Genauso sieht es beim IS aus. Auch hier bekommt die Frage, warum so viele westeuropäische Jugendliche so fasziniert vom Pop-Dschihad sind, sofort den Zusatz: „Wie können wir das verhindern?“ Alle wollen eine Erklärung. Alle wollen das Problem besser verstehen und natürlich wird auch hin und wieder die Schlussfolgerung gezogen, dass es etwas mit der Weltordnung an sich zu tun haben könnte, warum sich ausgegrenzte und marginalisierte Elemente, sozial Benachteiligte radikalisieren. Die Frage aber, warum es diese Art von Weltordnung, warum es in einer Gesellschaft Ausgrenzung und Marginalisierung, warum es überhaupt soziale Verlierer geben muss, diese Frage stellt sich nie. Dass es so etwas gibt und geben muss, wird als fundamentale Tatsache einfach vorausgesetzt und so stellt sich dann auch logischerweise nur die Frage, wie man diese Art von Verlierer auf demokratischem Kurs halten kann. Wie kriegt man es hin, dass zum einen die Leute in der arabisch-islamischen Welt in ihren zerbombten Ländern auch weiterhin an Werte wie Demokratie und Meinungsfreiheit glauben, und auf der anderen Seite die Jugendlichen der Banlieus so motiviert für die westliche Leistungsgesellschaft bleiben, dass sie nicht auf die Idee kommen, ein Maschinengewehr in die Hand zu nehmen und Karikaturisten töten gehen? Könnte Rap da nicht eine aufklärerische, motivierende und pädagogische Rolle spielen?—Genial!

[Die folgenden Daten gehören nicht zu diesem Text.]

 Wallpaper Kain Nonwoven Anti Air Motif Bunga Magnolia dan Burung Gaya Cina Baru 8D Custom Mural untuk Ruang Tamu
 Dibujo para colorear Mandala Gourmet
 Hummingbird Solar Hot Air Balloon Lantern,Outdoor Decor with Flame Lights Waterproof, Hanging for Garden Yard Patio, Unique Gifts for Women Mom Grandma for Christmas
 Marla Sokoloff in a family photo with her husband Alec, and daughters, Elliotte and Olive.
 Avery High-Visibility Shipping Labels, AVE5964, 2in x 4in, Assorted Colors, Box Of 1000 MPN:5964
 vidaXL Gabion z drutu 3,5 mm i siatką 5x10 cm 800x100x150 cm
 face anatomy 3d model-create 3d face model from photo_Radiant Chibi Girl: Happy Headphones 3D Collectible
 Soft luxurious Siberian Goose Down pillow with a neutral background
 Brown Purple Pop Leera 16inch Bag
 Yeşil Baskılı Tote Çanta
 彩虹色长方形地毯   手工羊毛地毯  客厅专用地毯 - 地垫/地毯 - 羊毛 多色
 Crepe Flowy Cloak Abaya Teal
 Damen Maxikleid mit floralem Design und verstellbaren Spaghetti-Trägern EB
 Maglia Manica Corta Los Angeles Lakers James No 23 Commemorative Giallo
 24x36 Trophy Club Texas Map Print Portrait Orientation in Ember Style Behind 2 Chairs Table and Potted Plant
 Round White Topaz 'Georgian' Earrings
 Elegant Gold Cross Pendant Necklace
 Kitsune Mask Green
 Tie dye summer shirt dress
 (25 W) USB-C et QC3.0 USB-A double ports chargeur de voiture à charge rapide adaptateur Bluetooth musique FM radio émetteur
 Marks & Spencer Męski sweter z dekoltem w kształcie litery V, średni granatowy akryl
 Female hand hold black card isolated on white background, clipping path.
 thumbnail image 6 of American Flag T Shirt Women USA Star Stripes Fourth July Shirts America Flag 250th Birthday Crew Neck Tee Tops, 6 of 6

Betrachtet man das Phänomen an der Oberfläche, so liegt dieser Schluss nahe. Schließlich, so die Logik derer, die sich diese Frage stellen, klappt das mit der islamisch-propagandistischen Propaganda ja auch ganz gut und man müsste dann nur an ein paar Stellschrauben drehen, dann würde aus knackigem Dschihad-Rap unglaublich sexy Demokratie-Rap. Vielleicht kämen die Verantwortlichen dann aber auch darauf, dass die westliche Demokratie in diesem Zusammenhang zurzeit etwas wenig zu bieten hat. Weder kann Rap irgendeine Art von politischer Teilhabe herstellen, noch könnte das irgendeine andere Art von Kunst. Wenn politische Teilhabe nicht vorhanden ist, dann ist sie eben nicht da. Wenn es soziale und wirtschaftliche Ausgrenzung gibt, dann kann weder Rap noch irgendeine andere Kunstform diese beseitigen. Wenn es für einen Großteil der nicht gut ausgebildeten Bevölkerung keine Arbeit mehr gibt, und ihnen, im Angesicht eines immer größer werdenden materiellen Reichtums, ständig erklärt wird, dass sie diesen trotzdem nicht haben können und dass sie überflüssig und zu viele sind, dann kann auch Rap daran nichts ändern. Wenn die westlichen Demokratien meinen, die Menschheit mit ihren Werten von Demokratie und Menschenrechten beglücken zu wollen und diese dann in Form von Flächenbombardements in den zu befreienden Ländern ankommen, dann ist Rap das letzte, was die Dinge wieder gerade rücken könnte. In diesem Fall tritt Rap höchstens in der Form des Anklägers und als Anwalt der Unterdrückten auf, der sich gegen die Verschwörer der geheimen Weltelite wendet und das—das macht die Sache meistens auch nicht besser.

Insofern sollten wir Rap vielleicht einfach nur Rap sein lassen und ihn als das nehmen, was er am besten kann. Natürlich ist Rap immer noch ganz groß in seiner Funktion als Seismograph gesellschaftlicher Stimmungen. Rap ist wahnsinnig gut darin, die Dinge zu beschreiben, wie sie sind. Je nach künstlerischem Talent der Akteurin oder des Akteurs gelingt dies mal mehr und mal weniger. Manchmal ist dann auch ein schlauer Gedanke der Analyse dabei und ganz, ganz selten kommt auch noch ein guter Lösungsvorschlag dazu. Meistens allerdings ist es eben nur Rap und das ist auch ok so.

Trotzdem ist es schön, wenn wir uns darüber unterhalten.